[OMPI users] MPI-IO on Lustre - OMPIO or ROMIO?

2020-11-16 Thread Mark Dixon via users

Hi all,

I'm confused about how openmpi supports mpi-io on Lustre these days, and 
am hoping that someone can help.


Back in the openmpi 2.0.0 release notes, it said that OMPIO is the default 
MPI-IO implementation on everything apart from Lustre, where ROMIO is 
used. Those release notes are pretty old, but it still appears to be true.


However, I cannot get HDF5 1.10.7 to pass its MPI-IO tests unless I tell 
openmpi to use OMPIO (OMPI_MCA_io=ompio) and tell UCX not to print warning 
messages (UCX_LOG_LEVEL=ERROR).


Can I just check: are we still supposed to be using ROMIO?

Thanks,

Mark


Re: [OMPI users] MPI-IO on Lustre - OMPIO or ROMIO?

2020-11-16 Thread Gabriel, Edgar via users
this is in theory still correct, the default MPI I/O library used by Open MPI 
on Lustre file systems is ROMIO in all release versions. That being said, ompio 
does have support for Lustre as well starting from the 2.1 series, so you can 
use that as well. The main reason that we did not switch to ompio for Lustre as 
the default MPI I/O library is a performance issue that can arise under certain 
circumstances.

Which version of Open MPI are you using? There was a bug fix in the Open MPI to 
ROMIO integration layer sometime in the 4.0 series that fixed a datatype 
problem, which caused some problems in the HDF5 tests. You might be hitting 
that problem.

Thanks
Edgar

-Original Message-
From: users  On Behalf Of Mark Dixon via users
Sent: Monday, November 16, 2020 4:32 AM
To: users@lists.open-mpi.org
Cc: Mark Dixon 
Subject: [OMPI users] MPI-IO on Lustre - OMPIO or ROMIO?

Hi all,

I'm confused about how openmpi supports mpi-io on Lustre these days, and am 
hoping that someone can help.

Back in the openmpi 2.0.0 release notes, it said that OMPIO is the default 
MPI-IO implementation on everything apart from Lustre, where ROMIO is used. 
Those release notes are pretty old, but it still appears to be true.

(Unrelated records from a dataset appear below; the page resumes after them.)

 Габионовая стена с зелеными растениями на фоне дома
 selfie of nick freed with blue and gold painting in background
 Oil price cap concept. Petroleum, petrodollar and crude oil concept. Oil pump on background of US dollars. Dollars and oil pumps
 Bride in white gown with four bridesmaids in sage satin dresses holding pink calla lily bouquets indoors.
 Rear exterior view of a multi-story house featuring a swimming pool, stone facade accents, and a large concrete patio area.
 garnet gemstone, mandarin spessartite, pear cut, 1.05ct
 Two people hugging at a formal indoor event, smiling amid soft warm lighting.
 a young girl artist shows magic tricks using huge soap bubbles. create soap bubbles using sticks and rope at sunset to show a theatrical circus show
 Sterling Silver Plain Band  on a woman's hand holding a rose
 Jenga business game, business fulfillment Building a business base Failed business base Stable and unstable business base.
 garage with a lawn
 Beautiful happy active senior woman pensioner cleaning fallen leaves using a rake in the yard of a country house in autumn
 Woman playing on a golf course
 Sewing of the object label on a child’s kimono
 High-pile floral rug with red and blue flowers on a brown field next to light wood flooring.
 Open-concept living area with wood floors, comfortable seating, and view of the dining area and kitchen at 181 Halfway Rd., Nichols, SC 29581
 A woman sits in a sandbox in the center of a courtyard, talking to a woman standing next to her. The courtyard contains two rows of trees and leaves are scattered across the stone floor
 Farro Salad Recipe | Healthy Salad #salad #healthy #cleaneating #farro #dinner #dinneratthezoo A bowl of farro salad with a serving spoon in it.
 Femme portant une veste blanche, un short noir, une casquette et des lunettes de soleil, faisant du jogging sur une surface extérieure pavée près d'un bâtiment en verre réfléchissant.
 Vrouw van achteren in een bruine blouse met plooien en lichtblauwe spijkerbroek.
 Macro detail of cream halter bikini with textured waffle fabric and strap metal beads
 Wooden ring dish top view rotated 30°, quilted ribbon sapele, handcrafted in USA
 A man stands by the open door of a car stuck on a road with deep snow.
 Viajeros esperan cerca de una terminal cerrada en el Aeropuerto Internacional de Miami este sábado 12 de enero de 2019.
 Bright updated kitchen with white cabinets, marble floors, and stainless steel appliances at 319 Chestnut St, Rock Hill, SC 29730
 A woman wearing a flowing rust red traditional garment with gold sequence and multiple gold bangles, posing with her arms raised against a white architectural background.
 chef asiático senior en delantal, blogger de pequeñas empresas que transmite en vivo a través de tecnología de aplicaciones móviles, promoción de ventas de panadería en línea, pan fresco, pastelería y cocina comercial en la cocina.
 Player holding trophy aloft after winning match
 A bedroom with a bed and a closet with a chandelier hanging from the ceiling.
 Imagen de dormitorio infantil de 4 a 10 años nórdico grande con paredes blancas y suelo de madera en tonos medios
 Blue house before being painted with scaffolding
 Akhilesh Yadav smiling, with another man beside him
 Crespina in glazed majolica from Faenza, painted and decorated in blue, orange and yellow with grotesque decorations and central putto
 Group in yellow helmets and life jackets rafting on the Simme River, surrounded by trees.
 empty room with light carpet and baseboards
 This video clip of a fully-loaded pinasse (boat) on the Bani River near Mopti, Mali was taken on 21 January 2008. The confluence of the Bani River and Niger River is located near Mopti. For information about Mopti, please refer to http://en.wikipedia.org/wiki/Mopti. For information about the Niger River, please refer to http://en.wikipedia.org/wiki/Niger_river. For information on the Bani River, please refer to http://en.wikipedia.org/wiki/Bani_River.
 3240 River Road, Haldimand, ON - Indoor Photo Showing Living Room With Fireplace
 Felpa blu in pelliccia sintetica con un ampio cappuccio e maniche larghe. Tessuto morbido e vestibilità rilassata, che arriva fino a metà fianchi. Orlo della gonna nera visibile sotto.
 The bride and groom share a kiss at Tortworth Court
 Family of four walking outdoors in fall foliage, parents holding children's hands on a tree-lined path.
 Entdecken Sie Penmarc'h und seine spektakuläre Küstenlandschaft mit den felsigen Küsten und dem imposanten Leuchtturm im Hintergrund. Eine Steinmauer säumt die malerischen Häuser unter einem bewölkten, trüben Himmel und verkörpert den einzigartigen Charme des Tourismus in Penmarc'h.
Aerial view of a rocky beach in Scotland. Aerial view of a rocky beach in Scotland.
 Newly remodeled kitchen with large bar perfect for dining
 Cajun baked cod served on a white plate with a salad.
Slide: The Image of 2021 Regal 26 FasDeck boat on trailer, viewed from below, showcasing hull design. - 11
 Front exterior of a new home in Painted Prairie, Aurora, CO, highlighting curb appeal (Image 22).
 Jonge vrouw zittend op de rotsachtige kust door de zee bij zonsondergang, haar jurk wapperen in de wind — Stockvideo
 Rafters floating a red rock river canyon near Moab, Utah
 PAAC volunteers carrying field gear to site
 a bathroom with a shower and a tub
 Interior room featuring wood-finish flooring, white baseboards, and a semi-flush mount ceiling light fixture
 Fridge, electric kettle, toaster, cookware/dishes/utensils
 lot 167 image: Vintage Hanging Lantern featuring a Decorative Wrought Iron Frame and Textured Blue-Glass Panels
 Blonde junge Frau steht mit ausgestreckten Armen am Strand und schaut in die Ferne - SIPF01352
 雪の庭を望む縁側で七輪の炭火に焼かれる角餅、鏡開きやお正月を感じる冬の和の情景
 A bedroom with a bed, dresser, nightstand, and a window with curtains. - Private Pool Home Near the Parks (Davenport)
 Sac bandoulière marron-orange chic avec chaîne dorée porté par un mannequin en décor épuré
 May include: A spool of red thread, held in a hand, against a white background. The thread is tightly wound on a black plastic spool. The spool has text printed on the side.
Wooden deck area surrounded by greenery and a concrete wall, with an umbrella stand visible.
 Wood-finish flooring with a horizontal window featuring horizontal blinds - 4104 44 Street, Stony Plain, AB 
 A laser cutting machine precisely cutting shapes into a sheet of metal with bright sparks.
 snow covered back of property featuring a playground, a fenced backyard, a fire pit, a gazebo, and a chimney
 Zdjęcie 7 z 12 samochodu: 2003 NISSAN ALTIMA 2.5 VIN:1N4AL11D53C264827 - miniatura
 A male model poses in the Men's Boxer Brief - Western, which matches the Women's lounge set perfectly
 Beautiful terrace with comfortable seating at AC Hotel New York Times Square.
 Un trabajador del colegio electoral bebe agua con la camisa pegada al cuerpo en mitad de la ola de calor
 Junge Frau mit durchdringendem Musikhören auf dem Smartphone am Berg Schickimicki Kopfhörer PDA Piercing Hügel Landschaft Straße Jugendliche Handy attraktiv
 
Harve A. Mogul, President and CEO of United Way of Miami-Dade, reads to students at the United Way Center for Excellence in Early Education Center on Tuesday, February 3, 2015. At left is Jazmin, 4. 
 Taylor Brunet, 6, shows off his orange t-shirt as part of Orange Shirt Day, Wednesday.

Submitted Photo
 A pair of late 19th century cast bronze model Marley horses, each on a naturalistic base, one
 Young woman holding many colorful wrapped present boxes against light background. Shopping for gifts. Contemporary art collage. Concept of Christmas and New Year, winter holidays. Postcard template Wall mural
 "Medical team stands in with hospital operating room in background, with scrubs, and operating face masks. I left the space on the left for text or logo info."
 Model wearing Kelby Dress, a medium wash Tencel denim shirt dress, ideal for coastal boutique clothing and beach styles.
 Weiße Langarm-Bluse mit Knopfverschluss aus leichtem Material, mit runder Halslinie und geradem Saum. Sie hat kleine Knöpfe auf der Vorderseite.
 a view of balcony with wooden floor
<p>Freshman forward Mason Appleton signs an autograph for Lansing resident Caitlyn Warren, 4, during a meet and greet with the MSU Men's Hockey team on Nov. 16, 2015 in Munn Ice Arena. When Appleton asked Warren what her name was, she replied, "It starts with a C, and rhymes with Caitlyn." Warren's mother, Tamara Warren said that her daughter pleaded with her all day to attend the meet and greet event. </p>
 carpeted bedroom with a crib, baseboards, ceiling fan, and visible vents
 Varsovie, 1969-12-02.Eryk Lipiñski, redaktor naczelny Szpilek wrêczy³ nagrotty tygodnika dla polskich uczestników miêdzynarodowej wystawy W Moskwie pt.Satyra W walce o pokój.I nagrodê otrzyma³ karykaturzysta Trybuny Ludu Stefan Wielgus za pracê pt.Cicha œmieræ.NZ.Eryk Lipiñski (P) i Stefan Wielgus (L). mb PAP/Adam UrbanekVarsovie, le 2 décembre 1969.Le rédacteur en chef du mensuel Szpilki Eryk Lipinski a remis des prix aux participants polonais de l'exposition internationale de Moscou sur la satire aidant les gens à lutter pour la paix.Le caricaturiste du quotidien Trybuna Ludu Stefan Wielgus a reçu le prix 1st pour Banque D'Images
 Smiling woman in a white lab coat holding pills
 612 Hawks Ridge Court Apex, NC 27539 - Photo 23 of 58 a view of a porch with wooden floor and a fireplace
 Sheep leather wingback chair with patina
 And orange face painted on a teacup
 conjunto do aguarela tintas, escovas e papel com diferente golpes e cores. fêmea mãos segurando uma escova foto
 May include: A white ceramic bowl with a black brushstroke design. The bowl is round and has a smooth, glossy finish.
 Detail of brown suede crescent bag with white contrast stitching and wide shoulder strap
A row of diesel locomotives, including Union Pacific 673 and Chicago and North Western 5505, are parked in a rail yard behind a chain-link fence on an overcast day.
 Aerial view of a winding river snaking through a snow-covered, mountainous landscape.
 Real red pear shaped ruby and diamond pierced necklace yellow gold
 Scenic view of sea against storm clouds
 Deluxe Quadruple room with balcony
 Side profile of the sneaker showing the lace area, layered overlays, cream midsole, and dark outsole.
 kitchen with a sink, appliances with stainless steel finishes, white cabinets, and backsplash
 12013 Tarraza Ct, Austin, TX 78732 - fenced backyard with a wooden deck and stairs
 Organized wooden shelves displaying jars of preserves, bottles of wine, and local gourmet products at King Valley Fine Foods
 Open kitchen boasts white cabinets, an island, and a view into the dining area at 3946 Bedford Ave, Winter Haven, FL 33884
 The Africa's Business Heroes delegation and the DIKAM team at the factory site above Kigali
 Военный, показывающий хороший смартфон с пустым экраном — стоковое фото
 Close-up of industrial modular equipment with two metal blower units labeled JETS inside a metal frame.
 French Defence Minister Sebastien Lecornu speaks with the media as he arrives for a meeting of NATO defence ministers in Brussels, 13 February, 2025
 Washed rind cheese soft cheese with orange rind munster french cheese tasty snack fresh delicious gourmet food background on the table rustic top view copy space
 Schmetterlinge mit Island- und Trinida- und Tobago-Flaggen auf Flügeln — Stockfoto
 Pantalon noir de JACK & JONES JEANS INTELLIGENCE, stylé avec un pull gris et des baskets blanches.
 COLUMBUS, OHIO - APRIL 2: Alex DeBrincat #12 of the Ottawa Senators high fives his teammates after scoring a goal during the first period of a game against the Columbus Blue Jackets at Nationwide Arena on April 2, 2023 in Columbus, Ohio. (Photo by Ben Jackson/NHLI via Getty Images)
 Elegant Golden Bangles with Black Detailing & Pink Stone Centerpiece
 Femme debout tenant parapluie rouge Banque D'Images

However, I cannot get HDF5 1.10.7 to pass its MPI-IO tests unless I tell 
openmpi to use OMPIO (OMPI_MCA_io=ompio) and tell UCX not to print warning 
messages (UCX_LOG_LEVEL=ERROR).

Can I just check: are we still supposed to be using ROMIO?

Thanks,

Mark


Re: [OMPI users] MPI-IO on Lustre - OMPIO or ROMIO?

2020-11-16 Thread Mark Dixon via users

Hi Edgar,

Thanks for this - good to know that ompio is an option, despite the 
reference to potential performance issues.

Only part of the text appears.